Material to process =
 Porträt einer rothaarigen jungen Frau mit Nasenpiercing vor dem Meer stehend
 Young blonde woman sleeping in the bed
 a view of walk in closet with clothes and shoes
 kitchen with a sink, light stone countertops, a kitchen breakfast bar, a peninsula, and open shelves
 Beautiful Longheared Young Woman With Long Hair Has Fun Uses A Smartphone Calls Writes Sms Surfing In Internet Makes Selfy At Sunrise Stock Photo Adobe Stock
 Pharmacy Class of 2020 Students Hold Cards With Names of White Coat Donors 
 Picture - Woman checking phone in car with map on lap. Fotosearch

---

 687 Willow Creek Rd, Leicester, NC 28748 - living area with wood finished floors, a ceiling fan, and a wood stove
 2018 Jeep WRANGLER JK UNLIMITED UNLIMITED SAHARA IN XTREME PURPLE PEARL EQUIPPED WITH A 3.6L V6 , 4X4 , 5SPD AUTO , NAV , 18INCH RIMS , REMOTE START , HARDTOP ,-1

Task details = Look in the material above for the line with "Porträt einer rothaarigen" and the line with "Picture - Woman", and transcribe exactly those lines and all lines between them, nothing more.

Output for this exercise =
 Porträt einer rothaarigen jungen Frau mit Nasenpiercing vor dem Meer stehend
 Young blonde woman sleeping in the bed
 a view of walk in closet with clothes and shoes
 kitchen with a sink, light stone countertops, a kitchen breakfast bar, a peninsula, and open shelves
 Beautiful Longheared Young Woman With Long Hair Has Fun Uses A Smartphone Calls Writes Sms Surfing In Internet Makes Selfy At Sunrise Stock Photo Adobe Stock
 Pharmacy Class of 2020 Students Hold Cards With Names of White Coat Donors 
 Picture - Woman checking phone in car with map on lap. Fotosearch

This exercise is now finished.